Required action = Using the data below, print exactly the line with "куриный суп с лапшой и овощами", the line with "Terima Gerobak Perindo, Penjual", and every line between them, but none of the pictures.

Data for review =
---------------

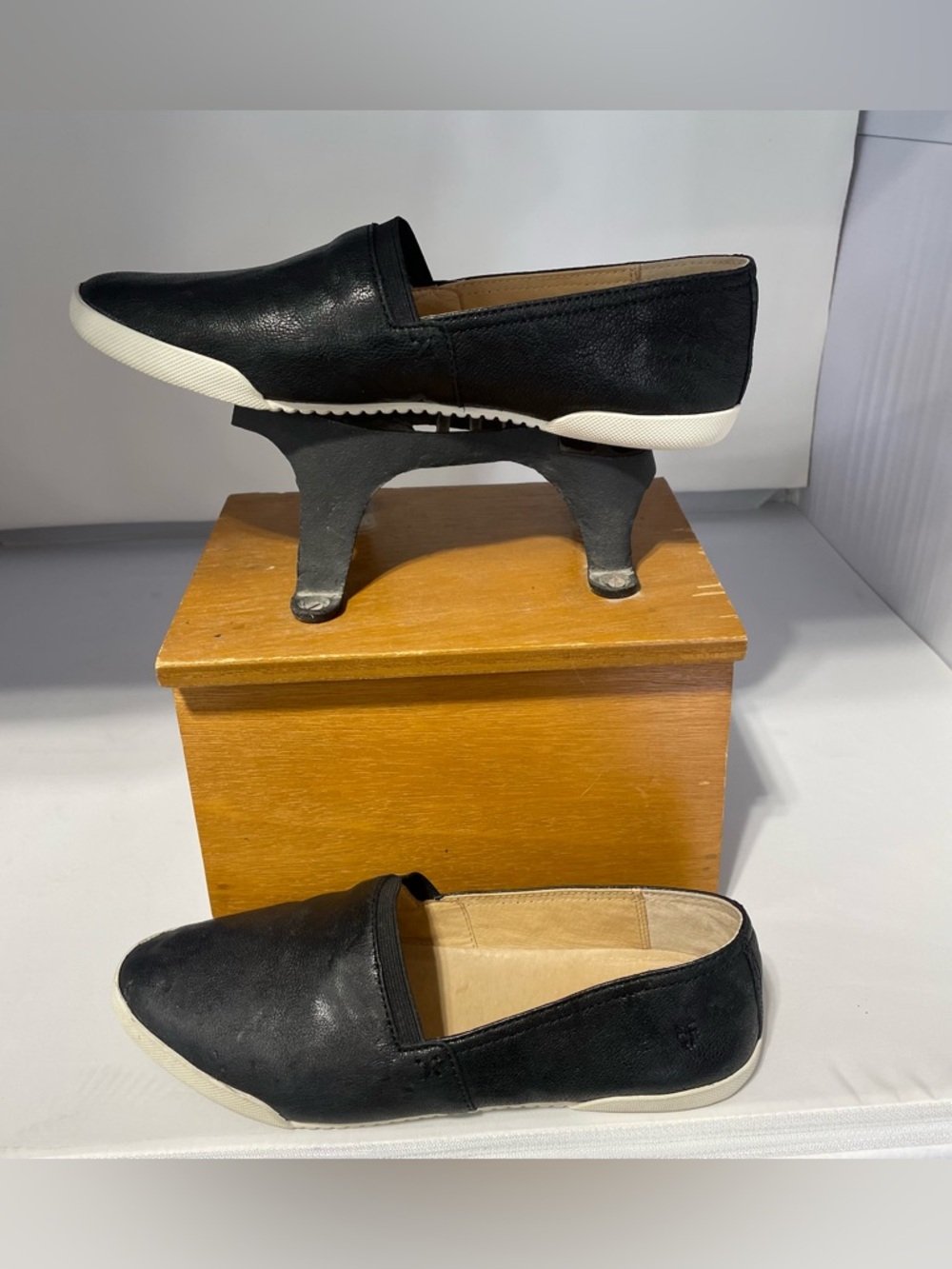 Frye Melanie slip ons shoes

---------------

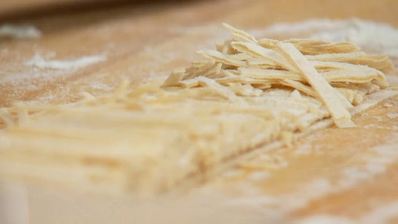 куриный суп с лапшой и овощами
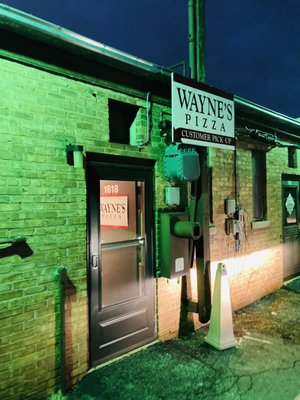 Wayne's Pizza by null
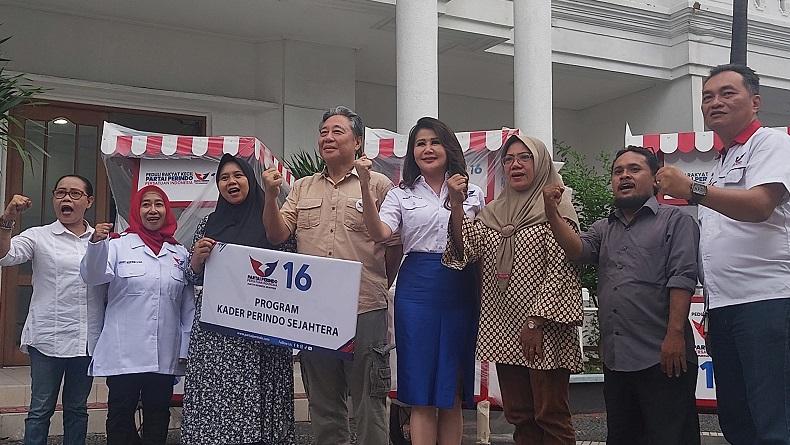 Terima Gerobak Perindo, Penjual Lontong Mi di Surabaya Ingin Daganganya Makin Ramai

---------------

Output =
 куриный суп с лапшой и овощами
 Wayne's Pizza by null
 Terima Gerobak Perindo, Penjual Lontong Mi di Surabaya Ingin Daganganya Makin Ramai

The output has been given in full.